Analyzing the bacterium's genome, researchers found that S. ruber's proteins are typically rich in acidic amino acids and relatively poor in hydrophobic (water-repellent) amino acids, making them soluble and highly stable at such salt concentrations. Researchers recognized this biochemical adaptation: it's the same one used by archaea also living in the salterns.

That wasn't the only similarity. Scientists also found two types of rhodopsin genes: one variety typical for bacteria, and another previously recognized in archaea. A photosynthetic protein, rhodopsin works as a proton pump, capturing light energy and using it to move protons across the membrane and out of the cell. In doing so, the protein maintains a balance of ions inside and outside the cell.

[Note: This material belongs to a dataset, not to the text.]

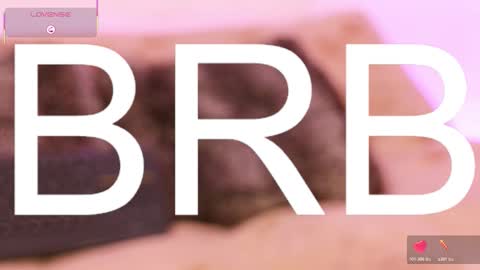 Dulcey online show from 3, 2, 2026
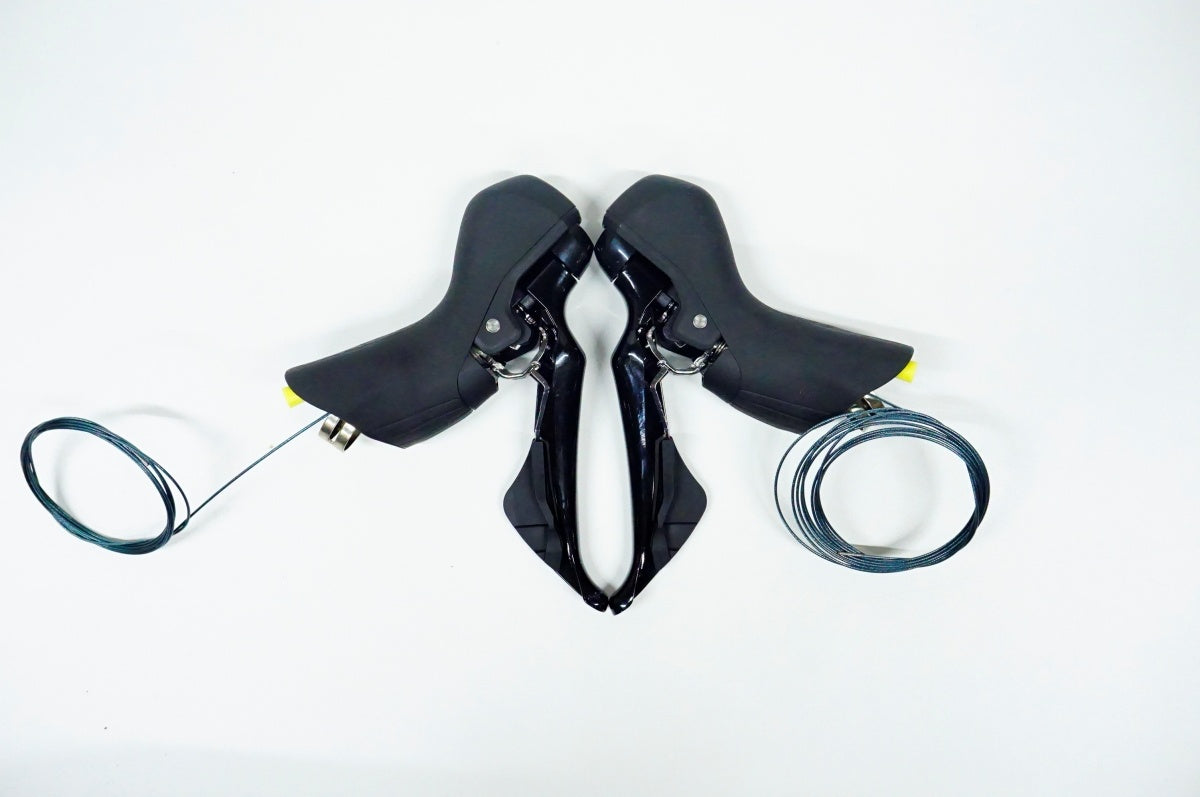 SHIMANO 「シマノ」 105 R7020 油圧 コンポセット / 名古屋大須店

"It's very unusual to find the two different types of rhodopsin in the same organism," Mongodin says. "S. ruber may have independently evolved one type of rhodopsin and acquired the other through lateral gene transfer from the archaeal species also living in the salterns." This study is the first to document bacteria adopting the archaeal-type rhodopsin. The two systems may work at different wavelengths, expanding S. ruber's ability to thrive in this environment. Alternatively, Mongodin says, the double system may be redundant, a kind of biological back-up.

Because S. ruber grows in high salt, its enzymes are strikingly stable. And that means the bacterium may hold promise for industrial applications. Meanwhile, TIGR's collaborators are pursuing studies of Spain's salterns, testing the ponds to find out what other microbes call the briny waters home. "How much diversity is there?" Mongodin asks. "We'll all be interested to learn."